Again, the interesting point here is not so much the outcomes of the cases but the attitude of governments.

First, the Federal and Victorian governments were significantly late in conducting regular reviews of the RFAs. In fact, they missed the first one altogether. And, in playing ‘catch up’, they didn’t review the five Victorian agreements individually but rolled the reviews into one.

This creates a strong impression of initial neglect on both sides, followed by a scramble to get into compliance.

Second, rather than comply with the precautionary principle by undertaking serious on-ground monitoring work, VicForests relied on ‘desktop and other theoretical methods’ which the Court found to be flawed. In fact, the Court said that VicForests had prepared ‘defensive documents … suggesting VicForests felt obliged to have a policy addressing further protection for the Greater Glider, but was reluctant to implement it’.

Again, one is left with the strong impression that protecting the environment was far from the minds of those concerned.

Trust us on restoration

As I’ve written about the Environment Restoration Fund before, I’ll just recap briefly.

This $100m fund was announced in the 2019 Federal Budget, just before the election. The fund was presented as representing ‘practical environmental action’.

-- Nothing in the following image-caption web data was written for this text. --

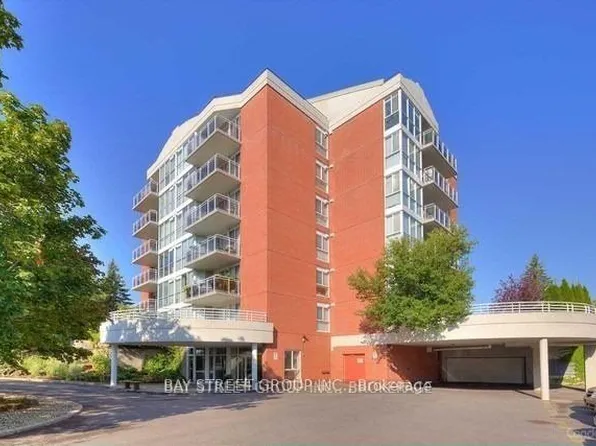 1071 Queens Ave #605, Oakville, ON L6H 2R5
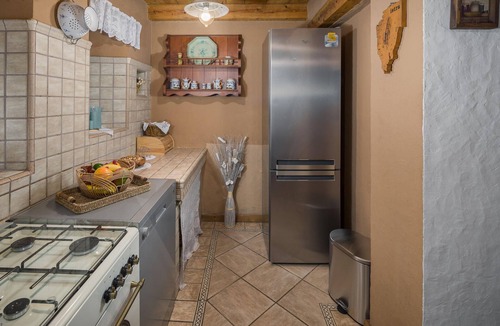 Rim House | Gorgeous home in Roc with WiFi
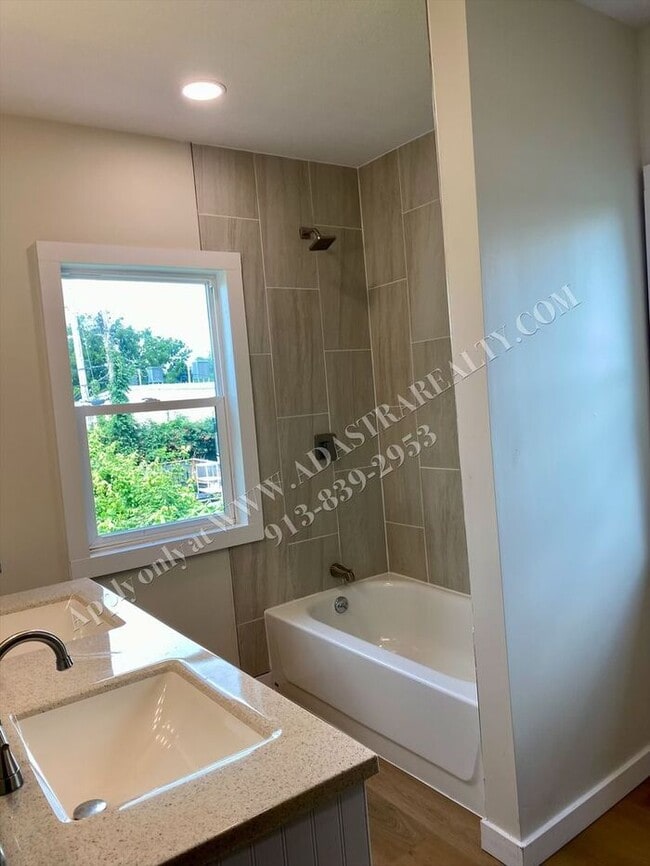 Building Photo - Remodeled 3 Bed 1.5 Bath Home in Kansas Ci...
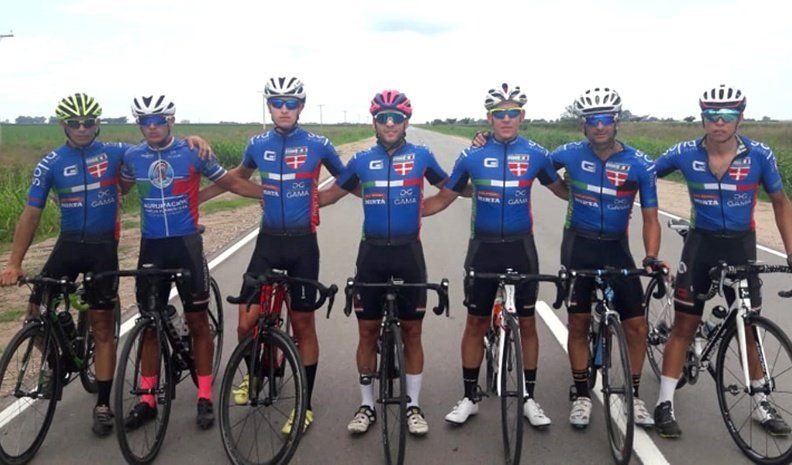 Los ciclistas que participaron de la competencia.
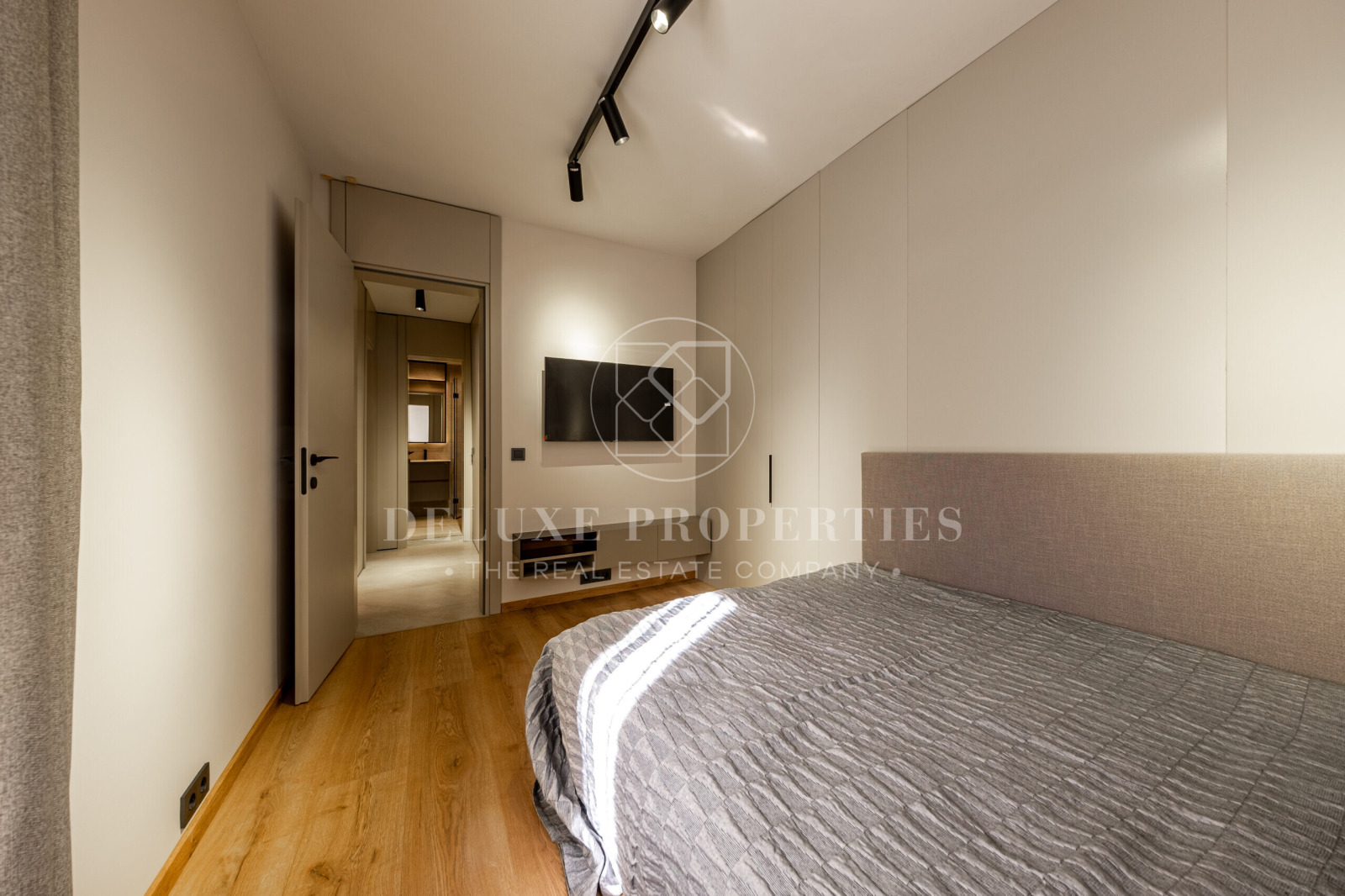 Дава под наем 3-СТАЕН, гр. София, Лозенец, снимка 11 - Апартаменти - 53943888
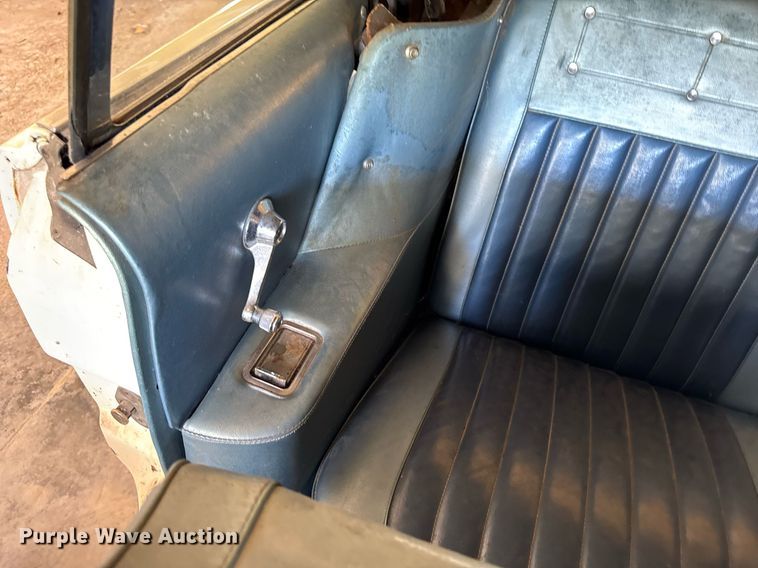 image for item DV2591 1965 Ford Galaxy 500 convertible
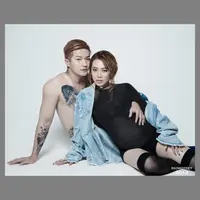 Lee Jeong Hoon dan Monique Octaviani alias Moa akhirnya naik pelaminan setelah empat tahun nikah. Keduanya melangsungkan pernikahan pada 2 Desember 2017 lalu. Beberapa bulan kemudian, Lee mengaku istrinya sebelum nikah. (Instagram/moa_aeim)
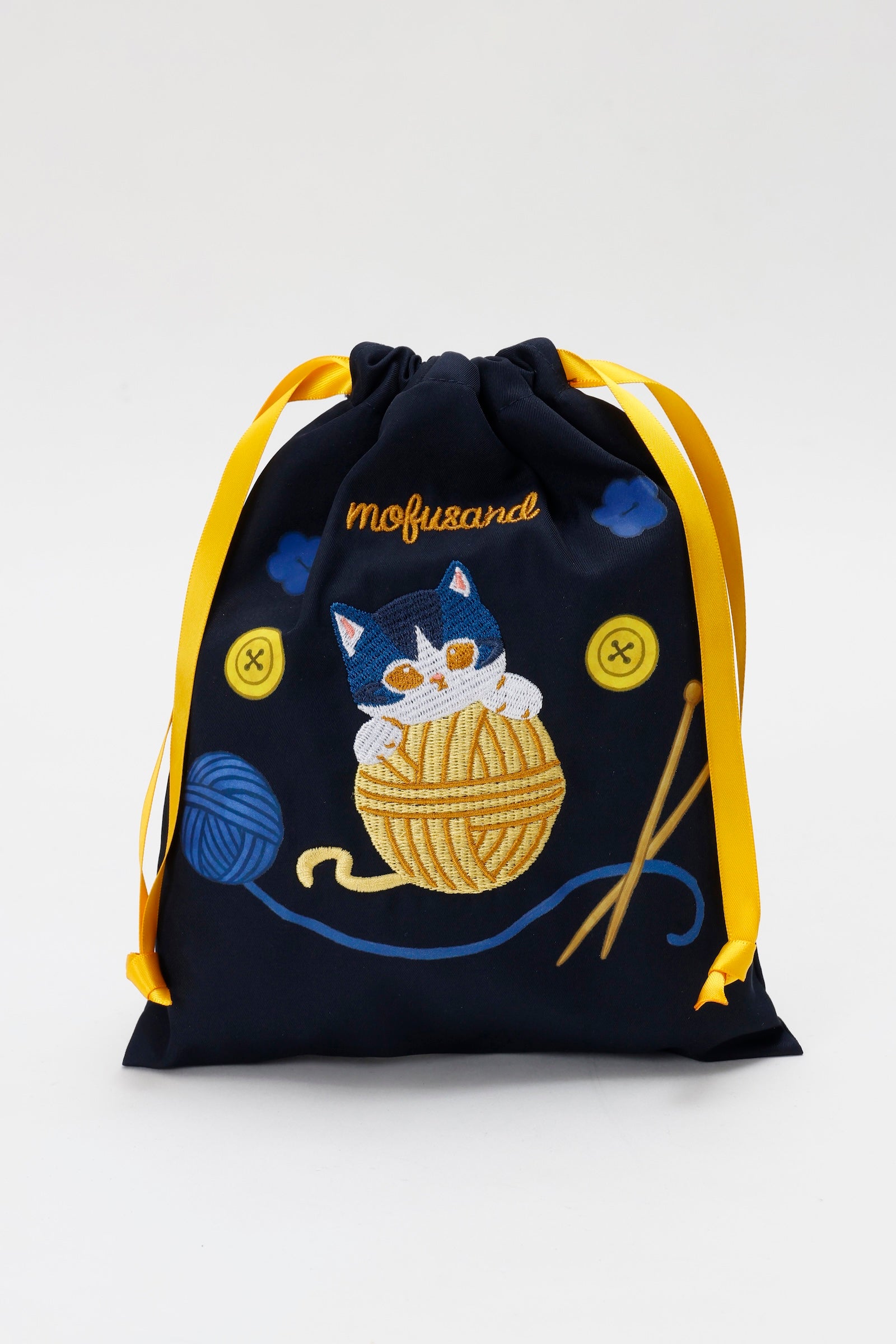 【2BUY10%OFF対象商品】mofusand 巾着 毛糸玉 だっこにゃん ネイビー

The government committed nearly 80% of the funds in the form of election commitments, ie. immediately, without calling for applications and without access to the usual expert advice about how to prioritise the spending for best environmental effect.

In other words, despite serious and ongoing environmental decline, the government’s ‘practical environmental action’ was, in reality, a pork barrel. When challenged about their approach in the Senate, the government’s main defence was that the Opposition did this sort of thing too.

So, who do ya trust?

I could go on, but in my view these two significant examples alone suggest strongly that governments, irrespective of political persuasion, or whether Federal or State, cannot be trusted to implement good environmental policy. Without ginger groups such as Friends of Leadbeater’s Possum to keep them honest, or Professor Samuel’s ‘independent cop on the beat’, they have a strong tendency to ‘talk the talk’ but not ‘walk the walk’.

The politics are just too hard.

With the RFA’s, I’m betting politicians still have an indelible memory of the timber trucks encircling Parliament House, like ‘Indians’ riding around the circled wagons in an old Western, even though this occurred more than 25 years ago. Once bitten, not just twice shy but pathologically averse to stirring up the timber industry.

With the ERF, the Morrison Government was widely expected to lose the 2019 election and perhaps this was an initiative born of desperation. The fact that it worked will only suffice as justification to the most rusted-on Coalition supporters. For the rest of us, it’s only helped to reinforce the widely held view that governments can’t be trusted.

So, while it’s possible that we’ll get a reasonable set of National Environmental Standards out of the current national environmental law review, because talk and even laws are cheap, it’s much less likely that governments would implement them effectively, if left to their own devices.

Bring on Professor Samuel’s independent cop on the beat!

Image by Pixabay

*On appeal, the Full Federal Court said that the change was unnecessary and that, as a matter of interpretation, the original words only required the application of the agreed prescriptions and not the achievement of protection, but this is beside the point.

6 thoughts on “Trust us? Well let’s look at your record

  1. Another great post – “Once bitten, not just twice shy but pathologically averse” – yes. Is “trust” a binary concept that is lost and never regained. Does that enable any pathway forward. Perhaps we need to avoid the expectation that all are (or are not) worthy of our trust. We need to expect, repeatedly, people and agencies to be worthy of trust – and support people and agencies to meet that. Good points about the reporting failure – a sure way to help people behave.